Llegada la adolescencia hube de emigrar muy tempranamente lo que supuso para mí un desgarro emocional muy profundo, fue a la siempre querida ciudad de Las Palmas, donde comencé mi vida laboral, allí viví cuatro años que marcaron también mi personalidad, termine el bachillerato elemental e ingresé en La Escuela de Magisterio, durante ese lapso viví acontecimientos muy recordados, y cada vez que voy a Las Palmas disfruto repitiendo los trayectos que a diario recorría para ir a mi trabajo, al Instituto, y a La Escuela de Magisterio, esa etapa de la juventud deja huellas en el alma que nunca se borran.
Siguiendo la senda marcada por tantos canarios, mi siguiente destino fue Venezuela, el querido y siempre recordado país fue generoso y acogedor y allí me inicié en mi profesión de modesto comerciante, nacieron algunos de mis hijos, y allí viví los hermosos y recordados años de mi ya lejana juventud, rodeado de gentes amables y cariñosas que con su exquisito trato y compañía nos hacían más llevadera la nostalgia de la lejana patria.

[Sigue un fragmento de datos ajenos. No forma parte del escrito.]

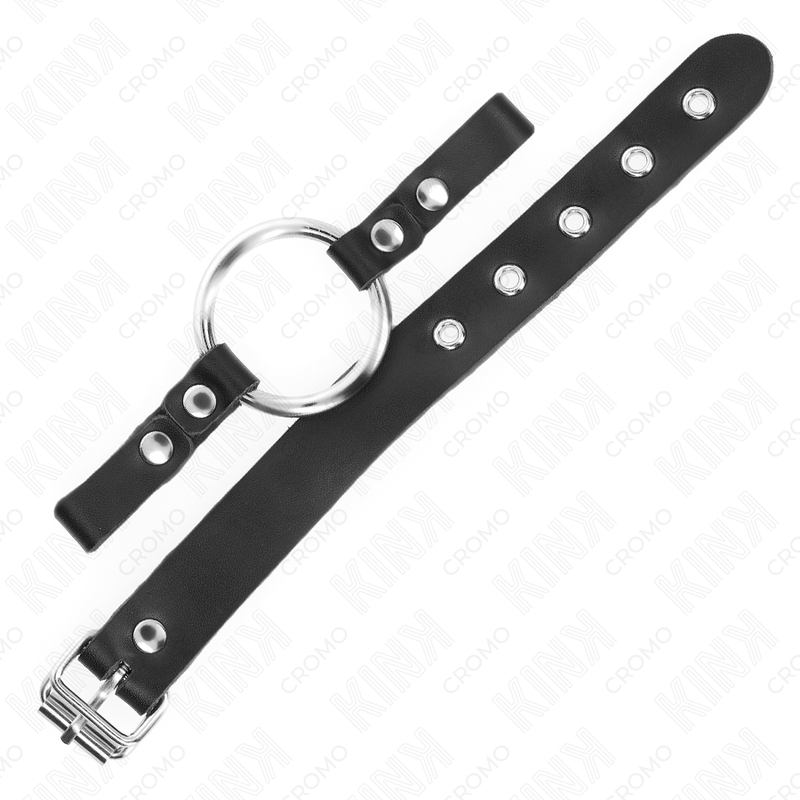img_193292_864ce24ba78a65345f9a6c017be08f4f_1 KINK - LEATHER PENIS RING WITH BUCKLE CLOSURE 22 X 2 CM WITH METAL RING 4 CM - Image 1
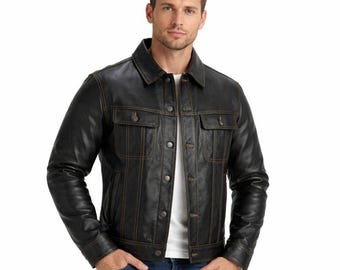 Men’s Cow Leather Trucker Jacket – Classic Levi’s Style, Contrast Stitching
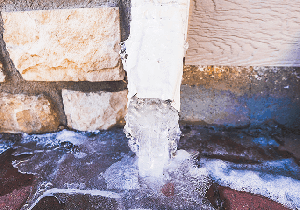 Water exiting a down spout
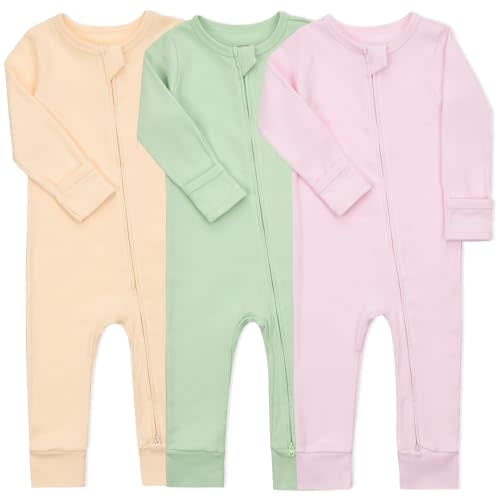 Aablexema Baby Cotton Fooltess Pajamas with Mitten, 3-pack Infant Romper Zip Up One Piece Jumpsuits Outfit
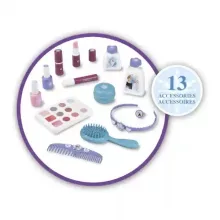 Smoby Jégvarázs hordozható smink készlet bőröndben gyerekeknek, Frozen, kozmetikai szett, Beauty Vanity
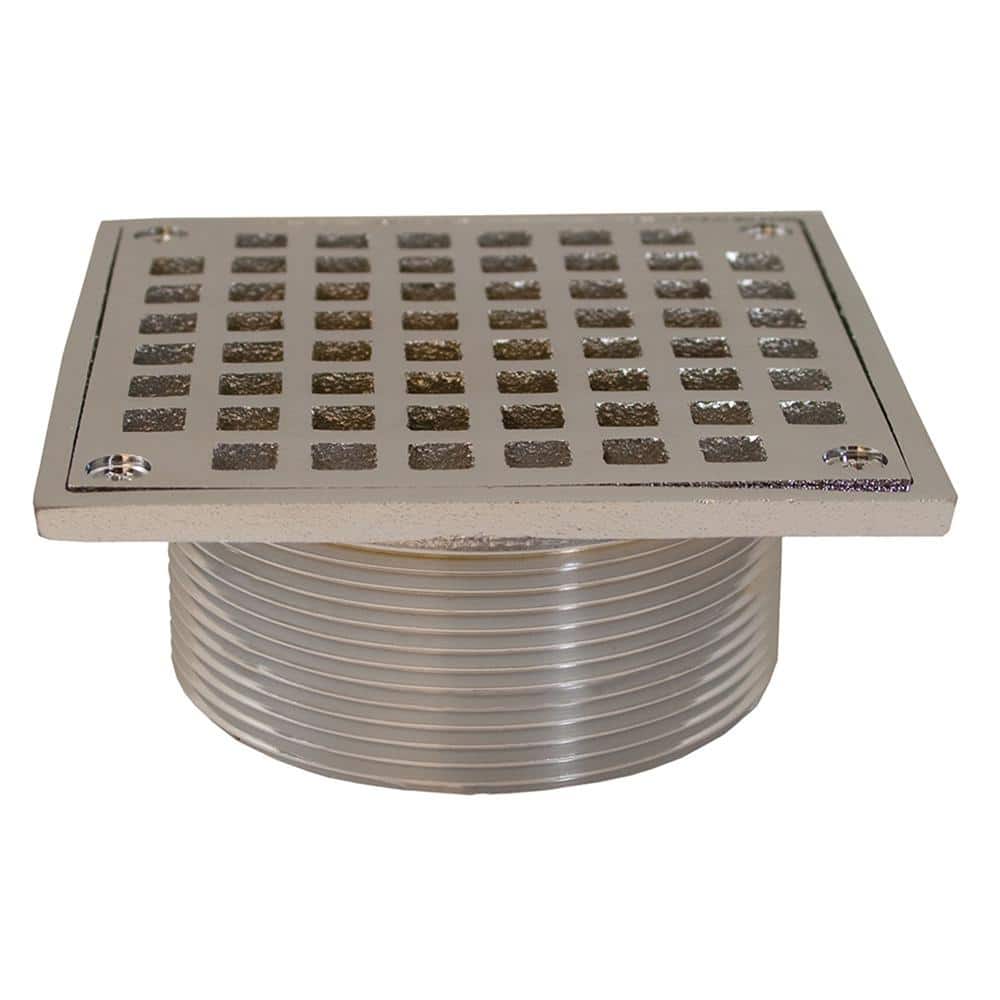 JONES STEPHENS 3-1/2 in. IPS Brass Spud with 5 in. Square Strainer for Shower/Floor Drains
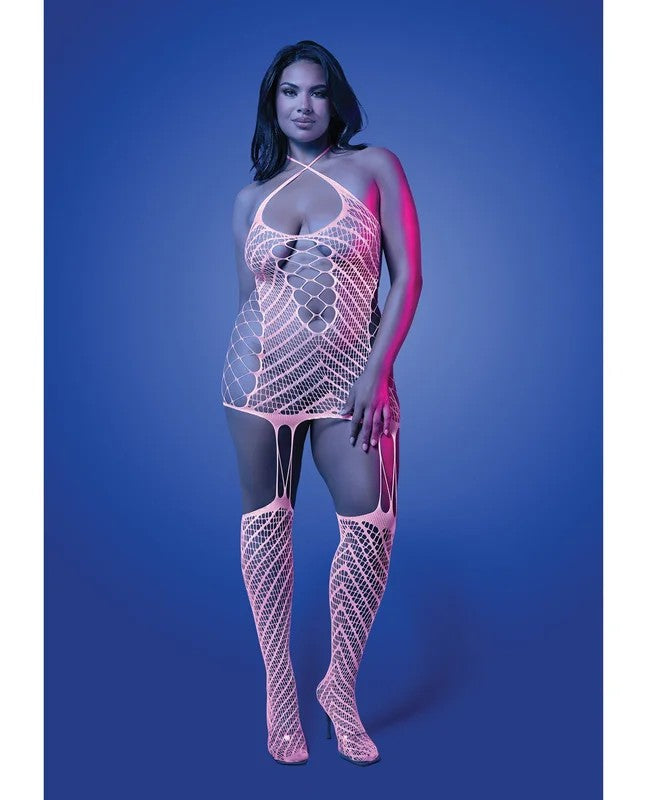 MetamorphicGlow-in-the-DarkBodystockingDress;GlowsPink–WhiteQN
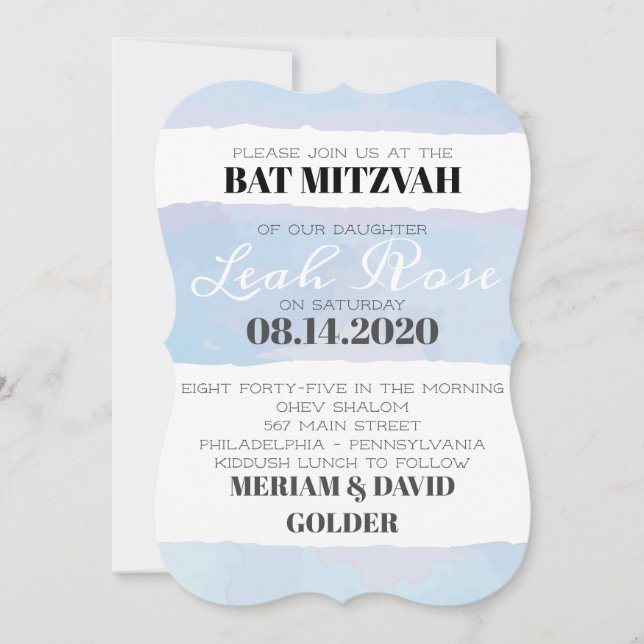 BAR Mitzvah, SUBTLE WATERCOLOR Bat Convite (Frente)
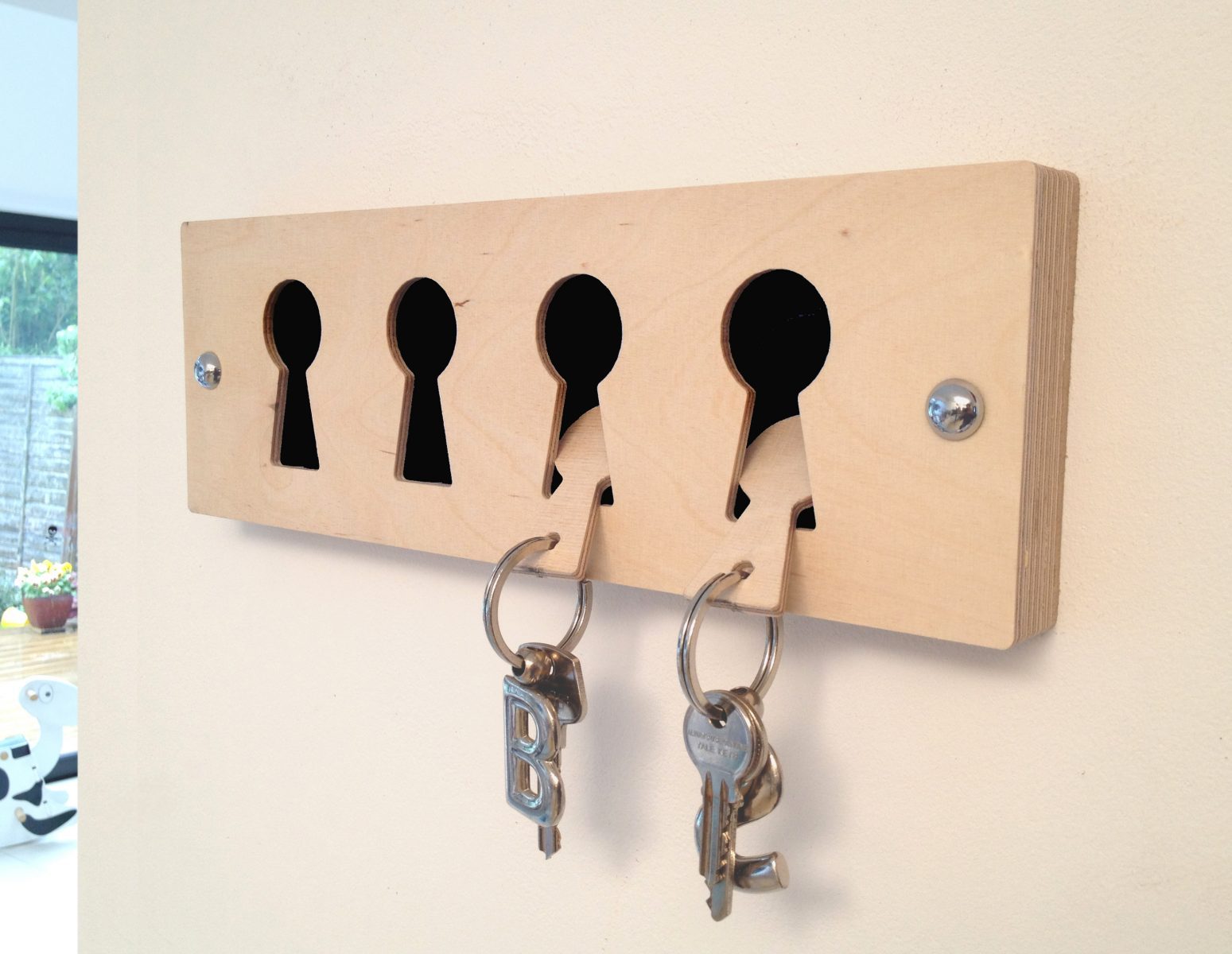 Black Birch faced ply keyrack & fobs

Al crecer nuestras hijas mayores, y por razones personales y familiares, llegados los cuarenta años de edad, mi esposa y yo decidimos el regreso definitivo a nuestra patria la España inmortal y milenaria, no sin antes dejar constancia de nuestro dolor y tristeza por dejar una tierra que nos lo había dado todo, nuestra casa, nuestro trabajo, los amigos tan queridos y recordados como el estimado Evelio Lucero con quien mantengo contactos frecuentes, y la estampa grandiosa de los Ríos Orinoco y Caroní que son símbolo y emblema aquella pujante ciudad de Puerto Ordaz, a donde sueño regresar en alguna oportunidad si la salud me lo permite.
Pero doy por acertada nuestra decisión de entonces, y hoy a esta etapa ya postrera de mi vida, he tenido la oportunidad del regreso al lugar de mi nacimiento, y vuelvo a tener la dicha de mirar a diario a nuestro querido Campanario, La Iglesia de Candelaria, El Risco de Jinama, Los Roques de Salmor, asistiendo a misa los domingos, sentándome y ocupando los mismos sitios en los bancos del templo, como lo hacía de niño de la mano de mi madre, me siento afortunado de haber vuelto a los mismos escenarios
de aquellos lejanos tiempos, y a veces hasta me parece que no han transcurrido tantos años, y que aquello ocurrió la semana pasada.
Nuestro pueblo se ha convertido en receptor de inmigrantes especialmente procedentes de aquellos países que antaño nos acogieron con generosidad, nos toca ahora a nosotros tratar de la misma manera a los que vienen buscando bienestar y tranquilidad en nuestra tierra, a la que aportan sus costumbres y estilo de vida, perfectamente compatibles con los nuestros, y a la vez llenan de niños y jóvenes nuestros centros de enseñanza, ya forman parte de equipos deportivos del pueblo, y ello demuestra su plena integración y hacen que nuestro pueblo crezca y se haga cada día más grande y atractivo.